Highlights & Insights

  • The dual-graph reward shaping is highly pragmatic: QAS uses attribute graphs to solve the "harsh exact match" problem, while PAS uses collaborative filtering embeddings to capture implicit preferences. These enrich the reward signal from explicit constraints and implicit preferences respectively, making them transferable to other RFT tasks requiring fine-grained rewards.
  • The segment-level penalty mechanism in RAAE provides a lightweight alternative for process supervision: it does not require training a dedicated reward model, simply assigning differentiated rewards by checking if reasoning segments contain incorrectly recommended items.
  • The online curriculum scheduler cleverly utilizes rollout data already available in RFT to estimate difficulty with zero additional inference cost.

Limitations & Future Work

  • Currently only supports single-turn dialogue recommendation, ignoring context accumulation and dynamic requirement adjustments in multi-turn settings.
  • The candidate set is limited to a multiple-choice format (1 positive, 19 negatives), which differs from open-ended recommendation scenarios.
  • RAAE's segment decomposition relies on simple paragraph splitting, which may be inaccurate for unstructured or mixed reasoning outputs.
  • Backbones are limited to 3B parameters; performance on larger models has not been verified.
  • The weights \(w_1, w_2\) for QAS and PAS require manual tuning, and sensitivity was not fully discussed.
  • vs GRPO/REINFORCE++: These general RFT methods use exact matches as rewards, which are too sparse for recommendation tasks. ReRec provides richer learning signals via dual-graph reward shaping, showing clear advantages on Hard queries.
  • vs TallRec/InteRecAgent: These systems are based on SFT or tool-calling, which handle simple queries well but lack deep reasoning. ReRec stimulates reasoning via RFT, leading to significant gains on complex queries.
  • vs Process Reward Models: Traditional PRMs require additional training or expensive LLM calls to score reasoning steps.
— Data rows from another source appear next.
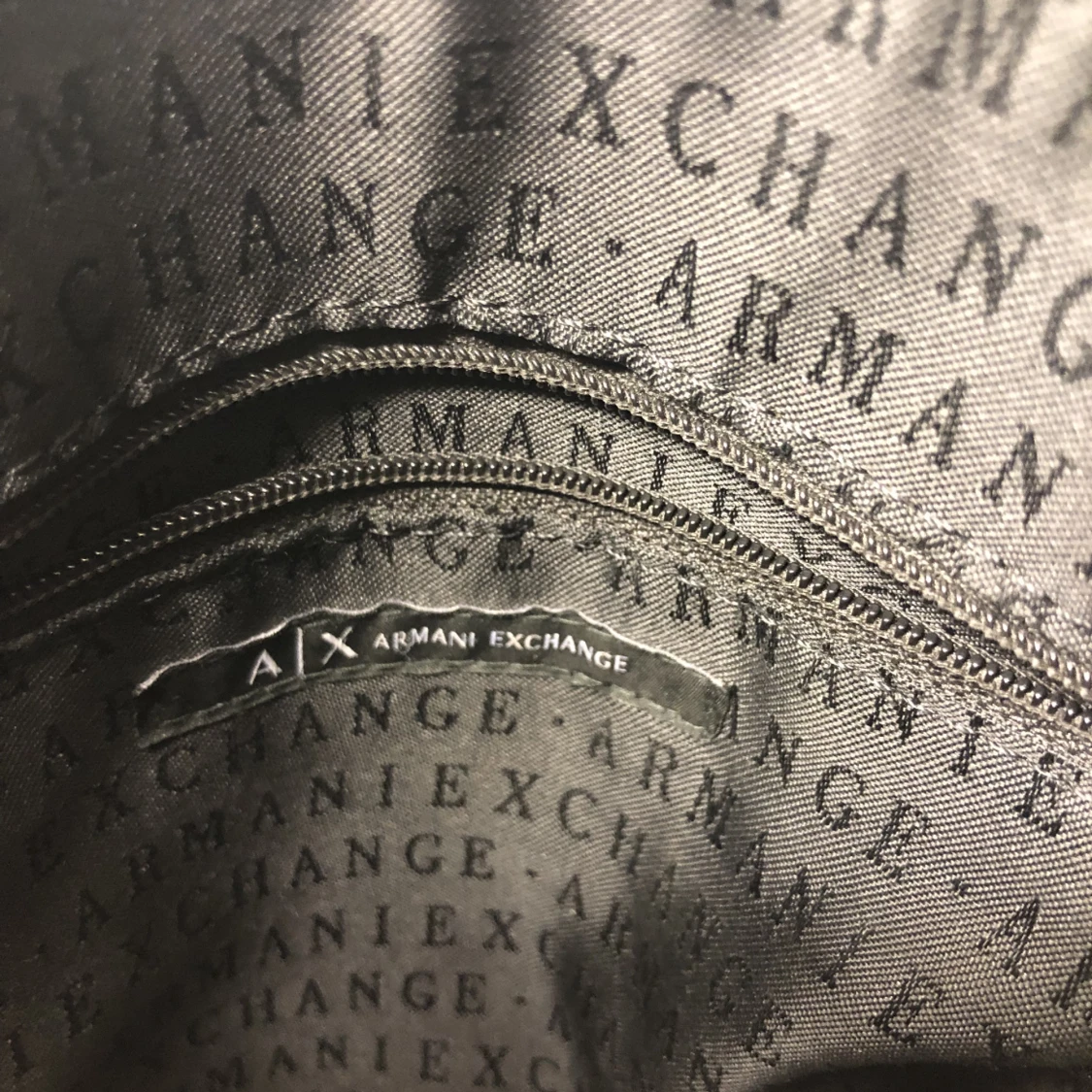 Det är en axelväska Armani. - 91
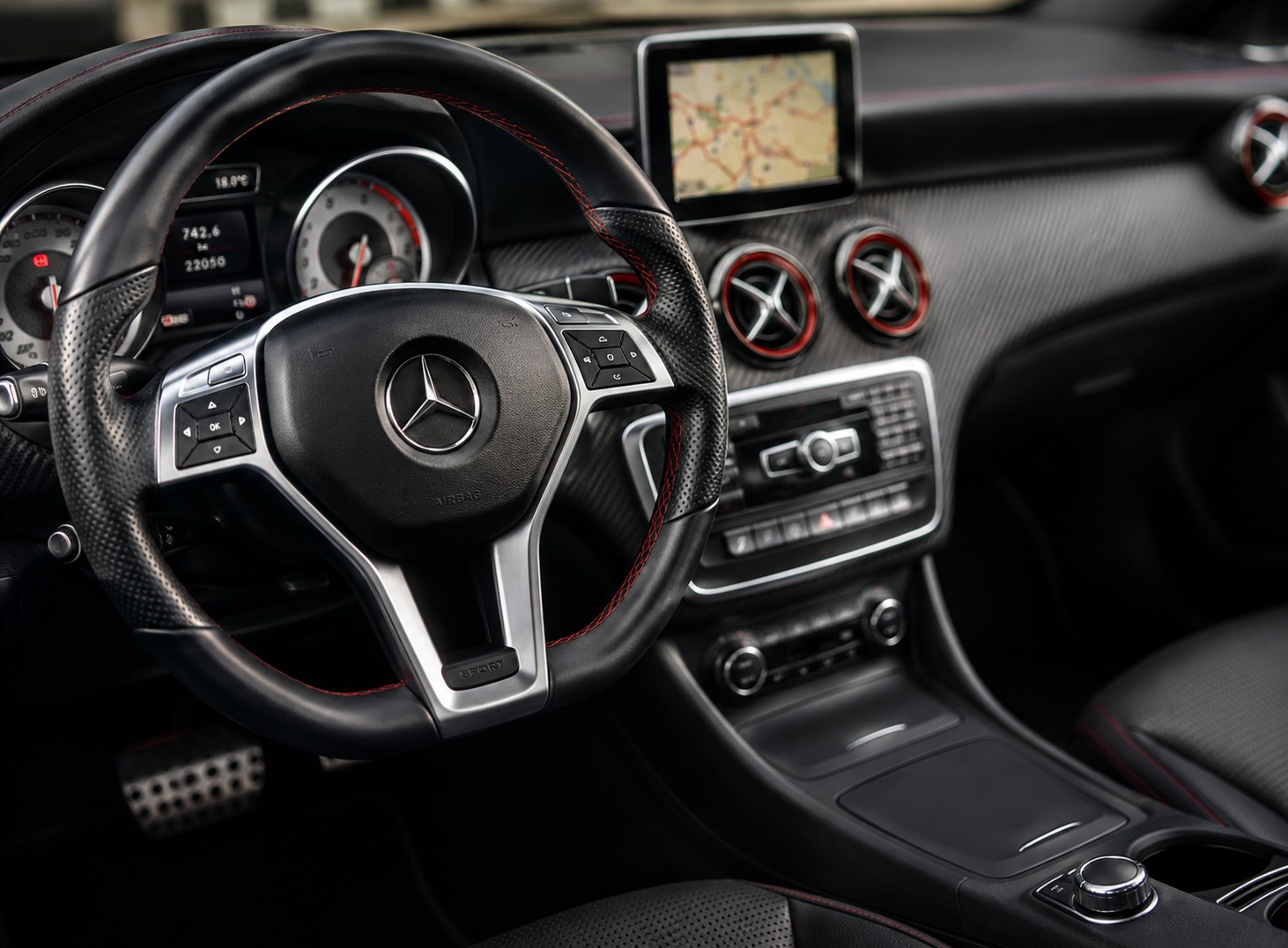 MERCEDES-BENZ A 250 Sport 7G-DCT-image-16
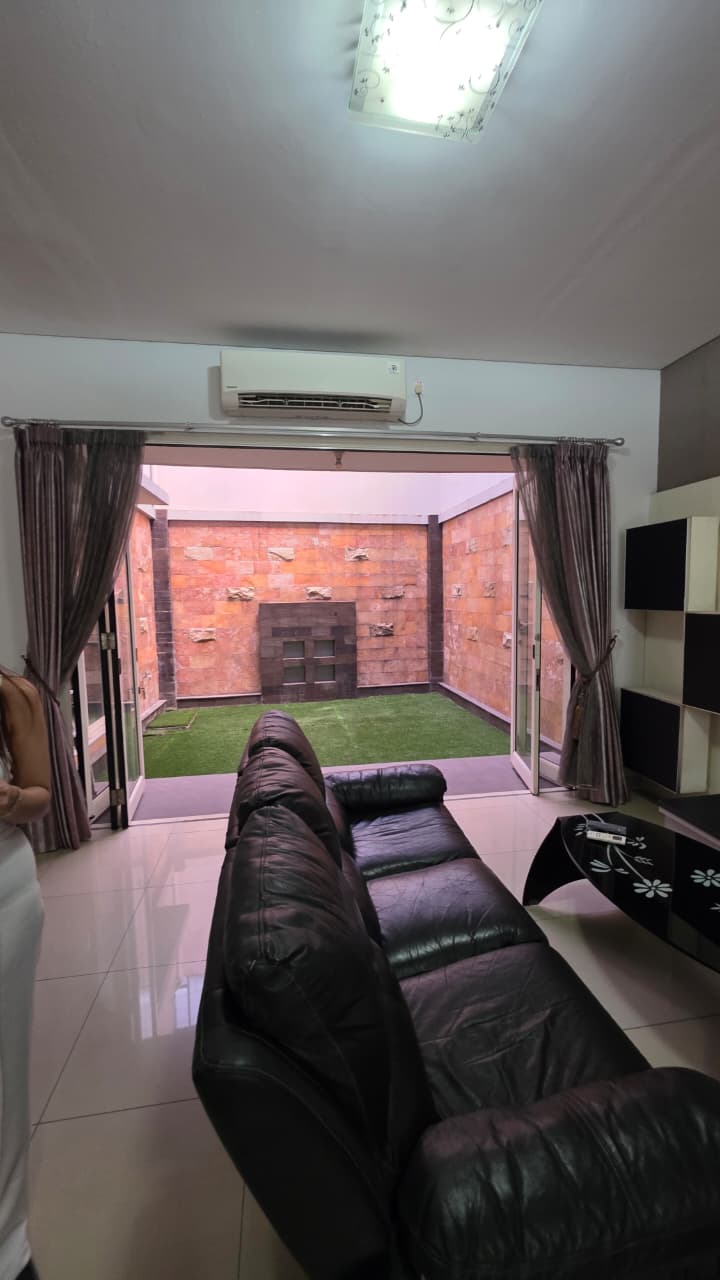 Rumah Dalam Townhouse Area Deplu, Dekat Pondok Indah dan Bintaro, Akses Mudah ke Tol Jorr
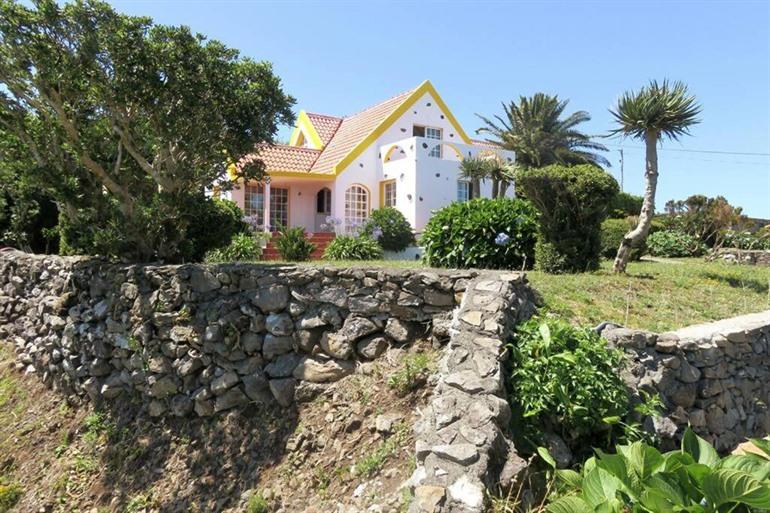 Charmant übernachten in der Villa Cedros in der Nähe von Santa Cruz das Flores.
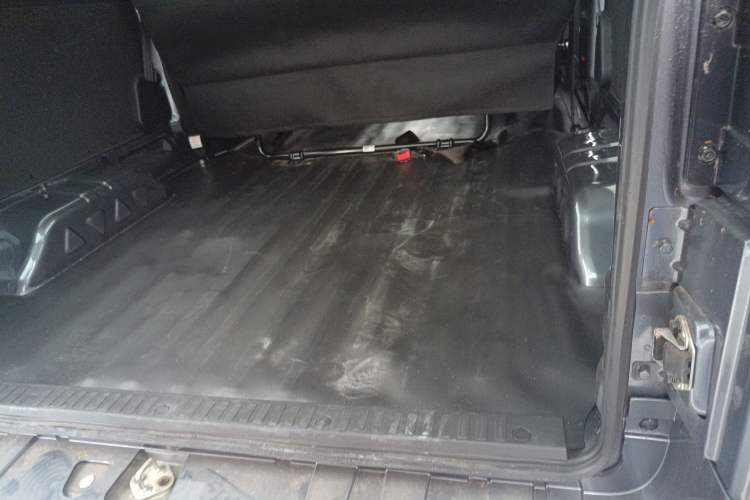 Used Jinbei Gold Hiace M Classic 2024 1.5L Engineering Lion Passenger Vehicle 5 Seats
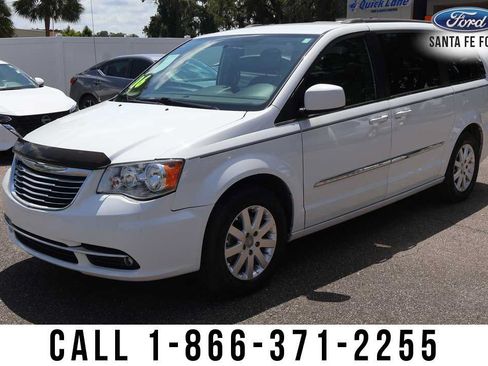 Used 2016 Chrysler Town & Country Touring FWD image 2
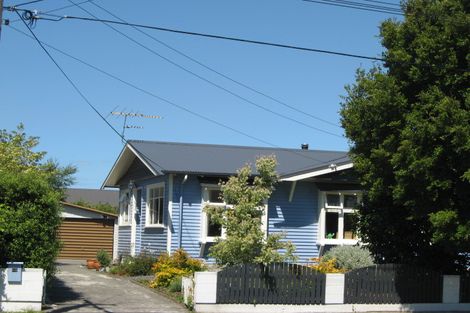 Photo of property in 52 Stapletons Road, Richmond, Christchurch, 8013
RAAE implements lightweight step supervision through simple item-matching rules.

Rating

  • Novelty: ⭐⭐⭐⭐ Systematically adapts RFT for recommendation with highly targeted modules.
  • Experimental Thoroughness: ⭐⭐⭐⭐ Covers cross-domain, cross-task, personalization, and capability maintenance.
  • Writing Quality: ⭐⭐⭐⭐ Clear motivation, complete method description, and standard formula derivation.
  • Value: ⭐⭐⭐⭐ A practical guide for RFT in recommendation systems; dual-graph rewards and RAAE are reusable.